In the 8th Air Force, Wyatt commanded a bomber group whose reconnaissance missions provided valuable information for future bombing raids. War correspondent Jo McWethy (Frances Gifford) who was assigned to cover Wyatt's group, wanted to know the truth about his reputation for being a hard-driving and unsympathetic commanding officer. His pilots held Wyatt responsible for the death of his co-pilot during a dangerous mission and new co-pilot, Lt. Hobson "Hobbie" Lee (Mike Connors), becomes the replacement. During a "milk-run", Wyatt changed the mission to photograph heavily defended Bremen. German anti-aircraft batteries shot down several fighter escorts and badly damaged Wyatt's aircraft, killing three of his crew. Nursing the stricken bomber back home, Wyatt made the decision to dump everything to save the aircraft and its important film. Hobbie and waist-gunner Danny Nelson (Freeman Morse) had to ditch the bodies of the dead crew and parachute out. Wyatt then flew back with the injured navigator aboard.

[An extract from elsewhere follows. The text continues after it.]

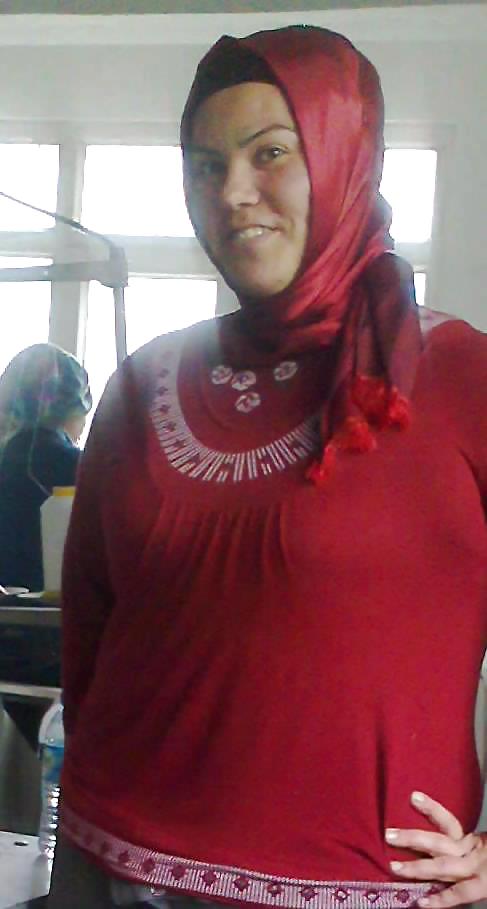 Turkish arab hijab turbanli kapali yeniler #17770623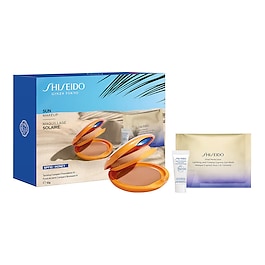 Tanning Compact Honey Set - Set di make-up solare per il viso image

During his recuperation, Hobbie met Jo who was also unsure about Wyatt's decisions and when Hobbie followed Wyatt to North Africa, he was seeking confirmation that his commander was a ruthless martinet. During a dangerous mission over Romanian oil fields, Wyatt's bomber was shot down. Although five of the crew were saved, gunner Danny Nelson was killed. With the aid of partisans, Hobbie reconciled with the badly wounded Wyatt, and managed to convey the crucial roll of film safely back to England.

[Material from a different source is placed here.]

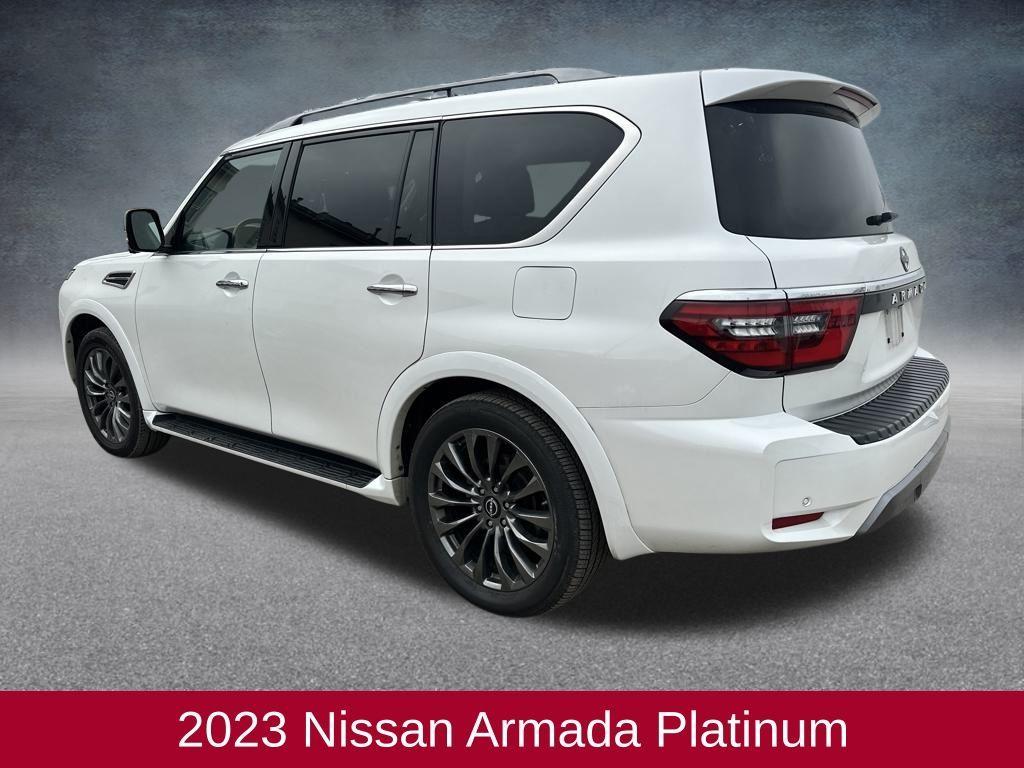 used 2023 Nissan Armada car, priced at $41,995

When Scott concludes his story, Lt. Willard realizes that Wyatt does care for his men. A wire the next day informs him that his brother is still alive and has been rescued.

==Cast==
As credited, with screen roles identified:

- Dan Duryea as Colonel Ed (E.D.) Wyatt
- Frances Gifford as Jo McWethy
- Mike Connors as Lieutenant Hobson "Hobbie" Lee (credited as "Touch Conners")
- Michael Fox as Major Scott
- William Bryant as Lieutenant John "Johnny" Willand (listed as Will R. Klein)
- Freeman Morse as Danny Nelson
- Dick Paxton as Captain Frank Willard
- Selmer Jackson as General Carson
- Dick Lerner as "Jorgy"
- Morris Ankrum as General W.R. Combs

A predominance of stock footage was used in Sky Commando.

==Production==
Sky Commando was a typical Fred F. Sears actioner, combining an array of stock footage with live action. As one of the many features that Sears helmed in a very short period, the film was a "B" feature, although it did star Duryea, Gifford and future TV star Mike Connors. With principal photography done over an eight-day span, March 16–23, 1953, most of the production work that remained involved merging the stock combat footage of USAF and USAAF action. The preponderance of stock footage was not always carefully integrated; Consolidated B-24 Liberator, Boeing B-17 Flying Fortress, North American B-25 Mitchell, North American F-86 Sabre and Lockheed F-80 Shooting Star footage was, at times, jarringly spliced together, with a view of a bomber changing dramatically to a different aircraft. Most of the action in the cockpit between Conners and Duryea was filmed in a B-25 bomber cockpit.

In an interview with Tom Weaver, Mike Connors recalled they were told that the last two days shooting of their six-day filming schedule was technically unsuitable. Connors and Duryea assumed they would make money with two more days shooting, but producer Sam Katzman informed the pair that he made their re shooting the film unnecessary by using more aircraft stock footage.

==Reception==
Like most of Fred F. Sears' work, with its poor production values and stagey plot, Sky Commando was not well received. Reviewer Hal Erickson, in a latter day critique, observed that the film was notable for presenting Duryea in a sympathetic role, and for the presence of former headliner Frances Gifford.